Coleman Silk, a Jewish professor of Classics at Athena College,
is hounded from his post. Two of his students haven't shown up
by the fifth week of the semester and Coleman asks his class,
"Do they exist or are they spooks?" Both students turn out to be
African-American and complain; and since the Classics Department
is run by Professor Delphine Roux, a Frenchwoman who is a
complex mix of vanity and insecurity, and since Coleman has made
his enemies over the years, and since--Roth seems to
suggest--this brand of political correctness is to '90s college
campuses as Red-baiting was to the McCarthyite '50s, the case
drags on for years. When Coleman's wife suddenly dies, he blames
the scandal and demands that Zuckerman, the great writer, tell
his story. Eventually, Coleman, 71, becomes involved with Faunia
Farley, a college janitor half his age; but even this last stab
at happiness cannot be condoned in puritanical America, for
Coleman receives a threatening letter: "Everyone knows you're
sexually exploiting an abused, illiterate woman half your age."
A greater threat comes from Faunia's ex-husband, Les, a Vietnam
Vet who blames her for the death of their children.” The Human
Stain

Though Silk is the hero of the piece, in many regards there's
not much to acclaim him. Here's the scene just after Silk coolly
tell his mother of his plans to marry a white woman and break
off from his skin, his family and his past. He was in a sense
ruining her thoughts. At bottom this is as much a novel about
outcomes as it is a study of human intricacy. Silk made his
decision to become a white man and in doing so he cut himself
off from his family and cut his children off from their legacy,
a decision that he made by himself for himself has, like any
decision, consequences that could not be predicted. Though
Roth's prose is rejuvenated by rage and at times tainted by
self-righteousness, ‘The Human Stain’ is not a enraged book.
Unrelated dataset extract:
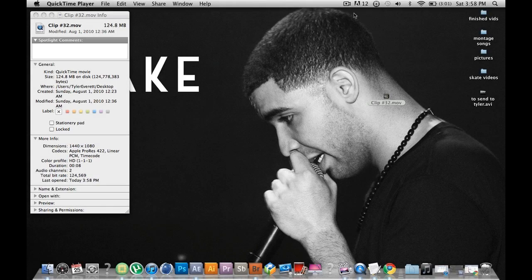Today I'm going to be teaching you how to do a ramp slow-mo in Adobe After Effects. I put a video at the beginning showing what it is. Here we go.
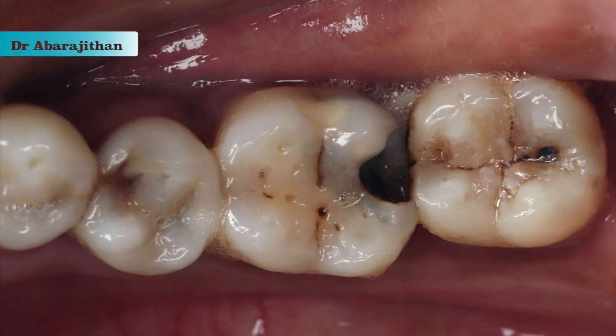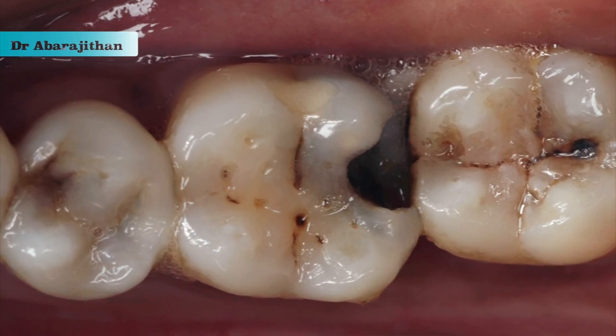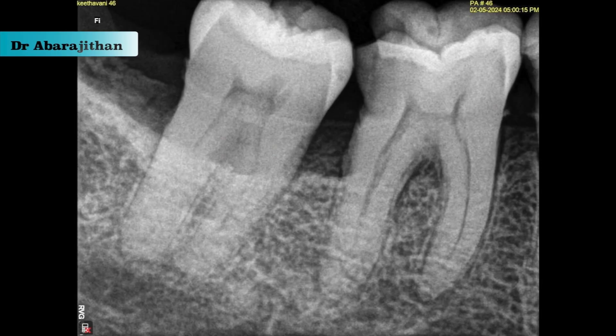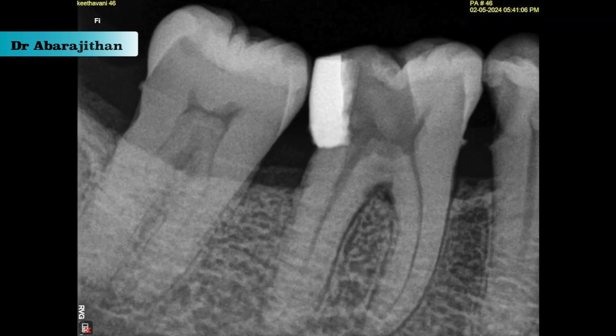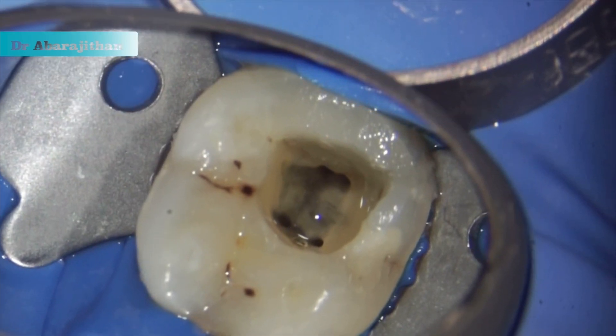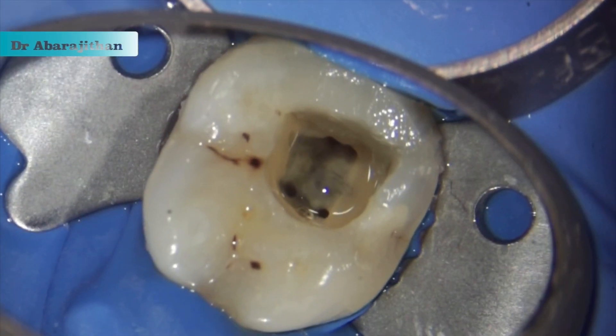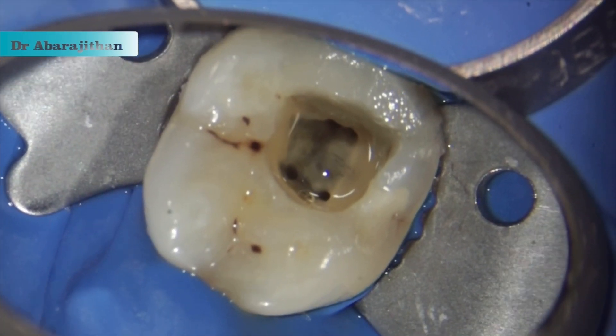Hello friends, I am sharing an interesting case with a few clinical tips of a mandibular first molar with disto-proximal caries and pulpitis. We begin the endodontic treatment with a pre-endodontic buildup to ensure adequate isolation and a predictable outcome.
Though Roth point daggers at moralists and therefore at himself,
he neither self-justifying nor self-abnegating. The Human Stain
is a quagmire of big contradictory ideas that facade one very
small idea that we are redeemed by our compassion and our
humanity because if we are not then nothing redeems us.
Conclusion:
The conclusion in Philip Roth's acknowledged American trilogy,
The Human Stain looks into the misleading boundaries between
truth and falsehood, past and present, perception and reality,
and offers a moving reflection on the limits of what we can
really know about each other.
“What is "the human stain" of the book's title? An obvious
candidate is the racism that compromises public and private
morality in America. But racism is only one example of the
overall problem of evil. In his work here as elsewhere, Roth
tells us that evil originates in the human quest for purity.
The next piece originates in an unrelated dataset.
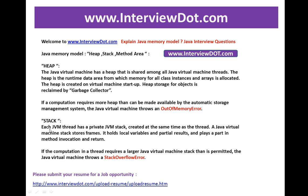Now I am going to talk about the stack. Each JVM thread has a private JVM stack created at the same time as the thread. Whenever you launch a thread, a new stack is created for that particular thread. A JVM stack stores frames — a frame is created whenever you invoke a method, and it holds local variables, partial results, and plays a part in method invocation and return.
When people commit themselves to becoming pure--e.g. by which
Roth means better, more noble or sincere than the next
person--whether it is through political correctness, racism,
anti-Semitism, religious fanaticism, utopianism, or even
restrictive sexual morality, they sow seeds of evil. There is no
question that "purity" in this sense is the archfiend that
stalks Roth's moral world.
Roth is a terrific
stylist. His language is complex, expansive, mellifluous,
literate, and remarkably impure. As is the case with Saul
Bellow, Roth's sentences are a world of their own, a joy to
read. However, despite the wit and beauty of his writing, I
often find Roth's novels difficult to take. While Roth might
consider fanaticism the root of evil, his persona (in the voice
of Zuckerman or otherwise) is anything but moderate.”